WORK REQUIRED
What you return must be the lines of the data that hold the word "Used".

MATERIAL FOR THIS EXERCISE
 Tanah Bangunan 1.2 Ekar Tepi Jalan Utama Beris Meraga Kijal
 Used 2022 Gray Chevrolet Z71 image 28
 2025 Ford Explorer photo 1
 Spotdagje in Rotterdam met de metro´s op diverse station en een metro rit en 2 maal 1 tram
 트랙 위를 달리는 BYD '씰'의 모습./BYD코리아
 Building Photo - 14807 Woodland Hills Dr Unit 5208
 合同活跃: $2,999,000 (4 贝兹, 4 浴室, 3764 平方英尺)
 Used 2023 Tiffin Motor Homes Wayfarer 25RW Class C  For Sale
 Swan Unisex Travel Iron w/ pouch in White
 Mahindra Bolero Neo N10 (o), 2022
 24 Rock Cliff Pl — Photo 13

OUTPUT OF THE EXERCISE
 Used 2022 Gray Chevrolet Z71 image 28
 Used 2023 Tiffin Motor Homes Wayfarer 25RW Class C  For Sale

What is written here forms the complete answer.